PRICE INCREASE: What’s cool in an inflationary period is that you can increase your margins without it showing (too much)
When prices go up, the money has to go somewhere. And over the past two years in Europe, it has gone into the pockets of companies. It is not Karl Marx who says so, it is the International Monetary Fund (IMF), better known for its promotion of liberal structural reforms than of the socialization of the means of production.
In a study published Monday 26th June, the IMF indicates that “import costs rose after Russia invaded Ukraine and that companies more than passed on this increase to consumers”. In figures, since 2022, the rise in profits has been responsible for 45% of inflation, compared to 40% for import costs (mainly energy and raw materials) and only 25% for the rise in wages. For their part, taxes and duties, lowered by governments, had a slight deflationary impact. And the IMF concludes: “European companies have so far been better protected than workers against the negative cost shock”.

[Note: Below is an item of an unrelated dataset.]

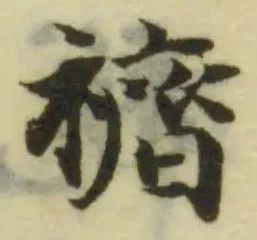 𧞓 위치 확인됨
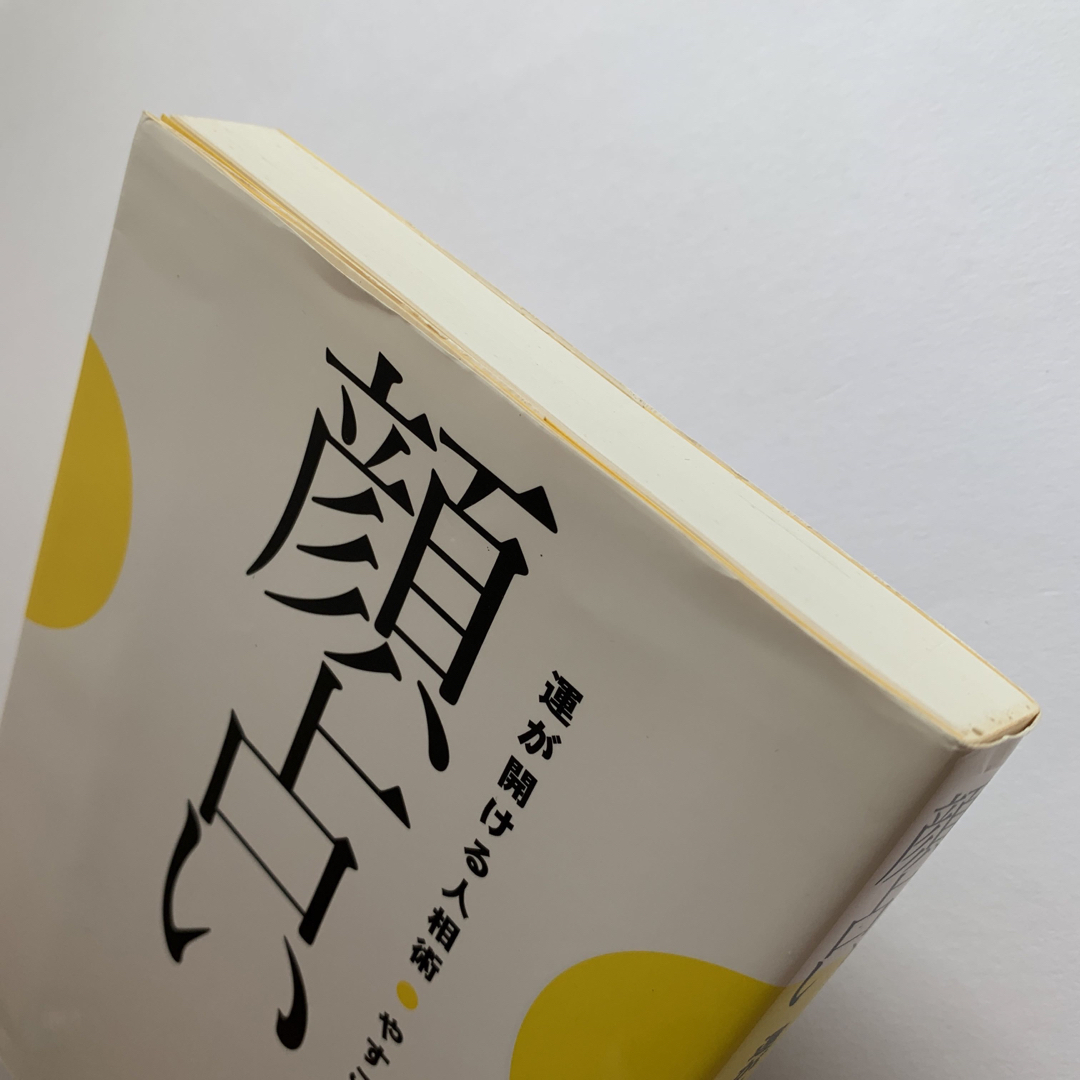 幻冬舎(ゲントウシャ)の顔占い 運が開ける人相術 エンタメ/ホビーの本(趣味/スポーツ/実用)の商品写真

Companies will have to tighten their belts
But the IMF notes that after “having seen their wages fall by around 5% in real terms in 2022, workers are now pushing for wage increases”. The whole question is how quickly will wages increase and whether companies will squeeze their margins so that this does not affect prices. In any case, for the IMF, companies will have to tighten their belts so that “inflation reaches the ECB ‘s target by mid-2025”. Find out on your next payslip.